One strategy here is to only capture a selector or selectors on the page to reduce this noise. For example, if there is a #search-box-container that contains the typeahead search component, you can make the test only capture that through the selectors option . We (the web team) use a similar strategy for testing the Echo extension in which we exclude many selectors from the page.

That makes sense, and each component is already wrapped in a <section> element with an ID, so it would be easy to isolate them. Would adding a test for each section be too noisy or add too much time to the testing process, though? We're at 24 components now and have over 40 planned for Codex. As we consider adding Codex components to Pixel, I'd like to strategize about how we can avoid adding too much noise, maintenance burden, etc. Any advice you have here would be very welcome!

If going this route, I suggest you also look into Playwright from Microsoft.

I haven't heard of this one and will look into it!

Change 875397 had a related patch set uploaded (by Anne Tomasevich; author: Anne Tomasevich):

[design/codex@main] [WIP] Proof of concept of Cypress visual regression plugin

https://gerrit.wikimedia.org/r/875397

The Cypress VRT plugin is...okay. Cypress wasn't made for visual testing, and I think we should only go this route if we really intend to use Cypress for other things and we can get the VRT working better. See the patch for more comments.

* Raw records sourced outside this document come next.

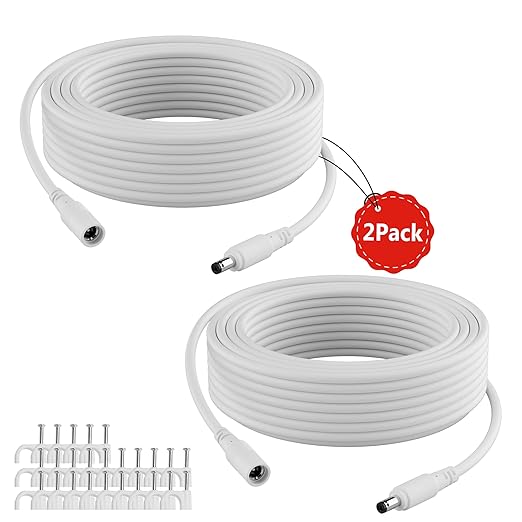 12V DC Power Extension Cable 20 FT, 5.5 mm x 2.1 mm 5521 Male to Female Supply by Conable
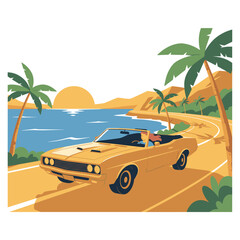 Classic car road trip artwork. Summer coastal drive design. Car print design for t shirt, poster, sticker, background and other uses.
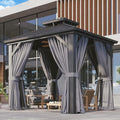 Aoxun 8ftx8ft Hardtop Gazebo - Double Steel Roof for Cooler Shade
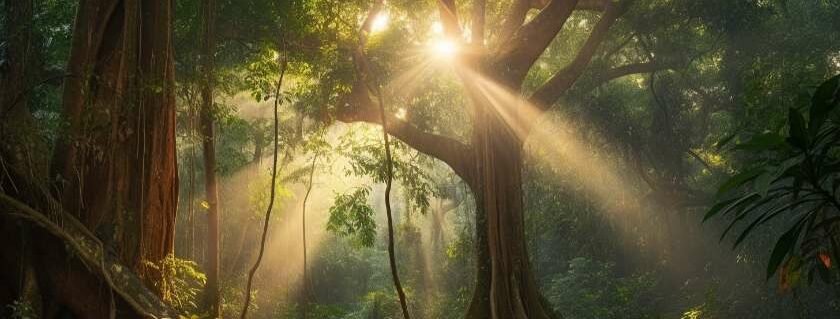 Rays of golden sunlight filter through the dense forest canopy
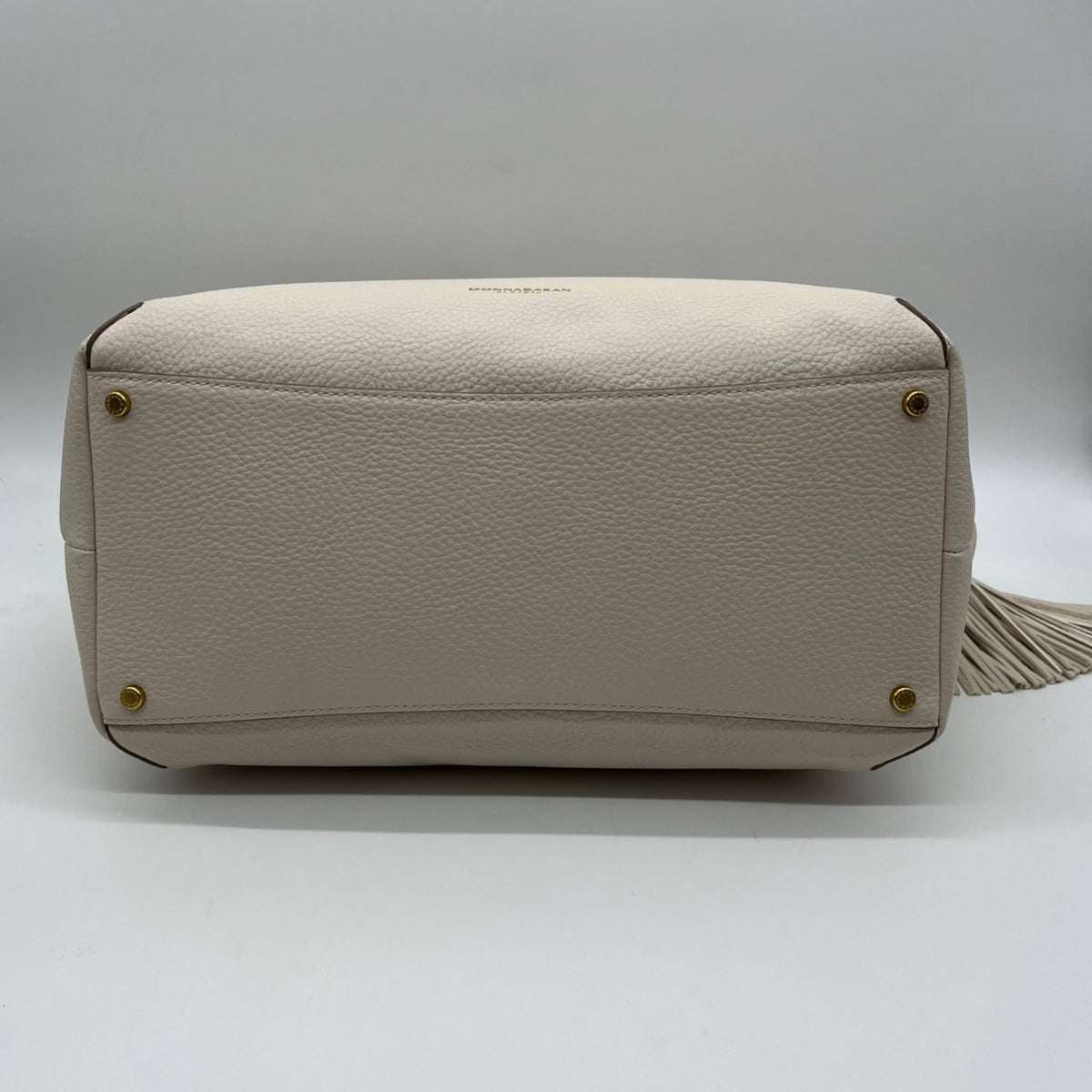 Donna Karan Ivory Pebbled Leather Slouchy Shoulder Bag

That makes sense, and each component is already wrapped in a <section> element with an ID, so it would be easy to isolate them. Would adding a test for each section be too noisy or add too much time to the testing process, though? We're at 24 components now and have over 40 planned for Codex.

For reference, our desktop report contains 138 tests (which includes testing 5 different viewport sizes) and takes about 3 minutes to compare two different states of MediaWiki (e.g. the latest release branch with master). That time could probably be optimized more, but it is certainly much faster than manual testing. 64 tests are not that many, but that can quickly multiply depending on how many viewport sizes you want to test for each test and how many interactions you require for each component.

As we consider adding Codex components to Pixel, I'd like to strategize about how we can avoid adding too much noise, maintenance burden, etc. Any advice you have here would be very welcome!

I'm happy to answer any questions you have 😊. I imagine that Codex would have its own report separate from our "desktop" report so that you could only run the tests that are relevant to Codex. Additionally, if you used specific selectors to capture the components, I think that would help reduce the noise.

From my experience, adding tests that simply take a screenshot of something and don't require any interaction are fairly fast to write and can be done in around 4 lines for each test. The tests that require interactions (e.g. clicking an input and waiting for something to appear) can take considerably longer to write and make robust.

AnneT removed a project: Patch-For-Review.
AnneT updated the task description. (Show Details)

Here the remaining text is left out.